Behind The Candelabra

Steven Soderbergh had been wanting to direct a Liberace biopic for some time; according to Wikipedia, he’d been in talks with Michael Douglas for thirteen years to have the actor star in the role. But getting finance for a film based on the life of a man who was described, in his lifetime, as a “luminous, quivering, giggling, fruit-flavoured, mincing, ice-covered heap of mother love” was no small feat. There was also a question of how to approach the material – Soderbergh, apparently, wanted to avoid the traditional cradle-to-the-grave narrative. But eventually financing was secured and an approach was settled on – this would not be a biography of Liberace, but of his relationship with his chauffeur, secretary and lover, Scott Thorston (Matt Damon).

It’s an unlikely film, and the results are mixed. The good? Michael Douglas delivers a fucking triumphant performance as Walter “Lee” Liberace. Through him we get a leery seducer, a hard-working entertainer, a lonely millionaire, a black-lit gremlin, and a dignified superstar at the height of his powers.
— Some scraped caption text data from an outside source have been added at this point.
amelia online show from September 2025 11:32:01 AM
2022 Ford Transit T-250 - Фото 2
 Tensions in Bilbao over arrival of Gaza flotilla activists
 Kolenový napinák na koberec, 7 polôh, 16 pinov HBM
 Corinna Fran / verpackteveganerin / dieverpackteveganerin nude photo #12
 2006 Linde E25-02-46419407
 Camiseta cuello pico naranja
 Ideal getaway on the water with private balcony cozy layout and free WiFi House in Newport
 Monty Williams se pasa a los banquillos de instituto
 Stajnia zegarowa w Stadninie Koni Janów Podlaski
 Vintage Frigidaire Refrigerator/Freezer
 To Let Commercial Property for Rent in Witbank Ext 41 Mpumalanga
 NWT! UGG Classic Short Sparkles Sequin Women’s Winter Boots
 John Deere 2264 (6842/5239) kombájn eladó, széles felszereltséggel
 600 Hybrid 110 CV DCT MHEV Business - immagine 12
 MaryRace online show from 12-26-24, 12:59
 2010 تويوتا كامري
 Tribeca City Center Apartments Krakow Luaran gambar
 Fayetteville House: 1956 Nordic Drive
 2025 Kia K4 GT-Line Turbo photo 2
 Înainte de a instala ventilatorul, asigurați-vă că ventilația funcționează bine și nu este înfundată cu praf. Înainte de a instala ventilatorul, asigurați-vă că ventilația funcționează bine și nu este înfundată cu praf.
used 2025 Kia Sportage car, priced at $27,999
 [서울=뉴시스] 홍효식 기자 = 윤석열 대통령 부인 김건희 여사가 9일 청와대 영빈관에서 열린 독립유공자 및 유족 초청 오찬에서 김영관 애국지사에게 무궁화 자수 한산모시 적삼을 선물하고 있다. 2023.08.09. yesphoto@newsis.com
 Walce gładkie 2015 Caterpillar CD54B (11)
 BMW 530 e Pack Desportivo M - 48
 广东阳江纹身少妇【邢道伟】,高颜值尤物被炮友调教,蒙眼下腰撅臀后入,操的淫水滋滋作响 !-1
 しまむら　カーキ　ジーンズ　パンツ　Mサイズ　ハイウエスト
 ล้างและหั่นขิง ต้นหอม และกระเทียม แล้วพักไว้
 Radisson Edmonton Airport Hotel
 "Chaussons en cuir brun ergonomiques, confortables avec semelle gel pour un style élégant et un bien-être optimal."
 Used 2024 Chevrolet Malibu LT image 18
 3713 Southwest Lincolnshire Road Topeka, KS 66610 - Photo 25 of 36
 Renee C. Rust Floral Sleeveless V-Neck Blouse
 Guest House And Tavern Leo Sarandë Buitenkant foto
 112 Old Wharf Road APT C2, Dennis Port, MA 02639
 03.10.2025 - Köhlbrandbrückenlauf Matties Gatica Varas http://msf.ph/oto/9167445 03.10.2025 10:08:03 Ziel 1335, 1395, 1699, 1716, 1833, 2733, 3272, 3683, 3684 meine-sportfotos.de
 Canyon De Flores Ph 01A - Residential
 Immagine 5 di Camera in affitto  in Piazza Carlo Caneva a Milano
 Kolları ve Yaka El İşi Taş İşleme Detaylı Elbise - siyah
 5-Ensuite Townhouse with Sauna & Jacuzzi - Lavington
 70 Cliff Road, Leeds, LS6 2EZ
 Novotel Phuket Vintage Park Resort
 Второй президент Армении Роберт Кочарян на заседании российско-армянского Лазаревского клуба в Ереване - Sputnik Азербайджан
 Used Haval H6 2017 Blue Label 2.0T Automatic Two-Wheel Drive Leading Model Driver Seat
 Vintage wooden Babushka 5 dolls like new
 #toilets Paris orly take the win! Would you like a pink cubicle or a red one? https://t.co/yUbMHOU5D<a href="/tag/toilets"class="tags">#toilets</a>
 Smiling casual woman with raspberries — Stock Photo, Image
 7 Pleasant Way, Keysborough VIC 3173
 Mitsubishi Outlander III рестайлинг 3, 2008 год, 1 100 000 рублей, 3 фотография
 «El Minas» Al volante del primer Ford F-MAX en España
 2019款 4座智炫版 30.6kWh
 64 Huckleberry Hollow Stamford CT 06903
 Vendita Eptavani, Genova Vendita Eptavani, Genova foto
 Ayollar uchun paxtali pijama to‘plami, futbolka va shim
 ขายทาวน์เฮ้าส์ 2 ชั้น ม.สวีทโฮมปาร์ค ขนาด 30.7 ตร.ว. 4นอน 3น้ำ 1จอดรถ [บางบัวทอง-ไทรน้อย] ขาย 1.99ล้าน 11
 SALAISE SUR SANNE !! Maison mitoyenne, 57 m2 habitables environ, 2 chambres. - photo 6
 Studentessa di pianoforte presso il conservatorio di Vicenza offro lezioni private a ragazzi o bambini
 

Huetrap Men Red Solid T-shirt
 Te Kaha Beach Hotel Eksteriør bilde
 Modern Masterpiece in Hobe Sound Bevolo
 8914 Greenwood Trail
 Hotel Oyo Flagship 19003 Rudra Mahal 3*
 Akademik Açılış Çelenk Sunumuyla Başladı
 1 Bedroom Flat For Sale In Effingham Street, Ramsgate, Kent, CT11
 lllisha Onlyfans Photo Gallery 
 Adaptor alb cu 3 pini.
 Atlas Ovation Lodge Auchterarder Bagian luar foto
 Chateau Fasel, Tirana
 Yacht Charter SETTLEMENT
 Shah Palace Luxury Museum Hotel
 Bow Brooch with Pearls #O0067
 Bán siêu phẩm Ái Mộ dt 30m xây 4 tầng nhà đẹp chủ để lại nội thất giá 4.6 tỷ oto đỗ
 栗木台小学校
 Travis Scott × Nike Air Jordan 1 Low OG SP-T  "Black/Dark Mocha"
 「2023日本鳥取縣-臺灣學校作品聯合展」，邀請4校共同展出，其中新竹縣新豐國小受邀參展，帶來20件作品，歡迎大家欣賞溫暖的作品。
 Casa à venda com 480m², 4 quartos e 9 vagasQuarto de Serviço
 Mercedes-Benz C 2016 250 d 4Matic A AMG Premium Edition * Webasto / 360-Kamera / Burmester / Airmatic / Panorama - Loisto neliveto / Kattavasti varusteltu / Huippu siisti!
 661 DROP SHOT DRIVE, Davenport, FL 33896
Liberace, the man, was always a glamorous character – Michael gives us that, as well as the human behind the act. Meanwhile Rob Lowe, playing Liberace’s cosmetic surgeon Dr. Jack Startz, is a glorious lizard king. I mean, look at him. Just look at him.

Rob Lowe

The bad? Scott Thorston’s character arc. When we meet him he’s the level-headed kid from middle America, cautious of Liberace’s advances and alarmed by the “palatial kitsch” decor. Almost immediately he emerges as an Eddie Izard in diamante speedos, demanding his Fresca with his panini, the transition to fabulous mostly happening off-screen. It’s a development that rings a little false, and serves to distance Liberace’s opulence from the climate of the times. How did this “big ole queen” become the darling of an America that was so hostile to his lifestyle? The movie offers us few clues. But for all that, this is a unique and darkly hilarious film, and one of the more intriguing Hollywood comedies of late worth catching up with.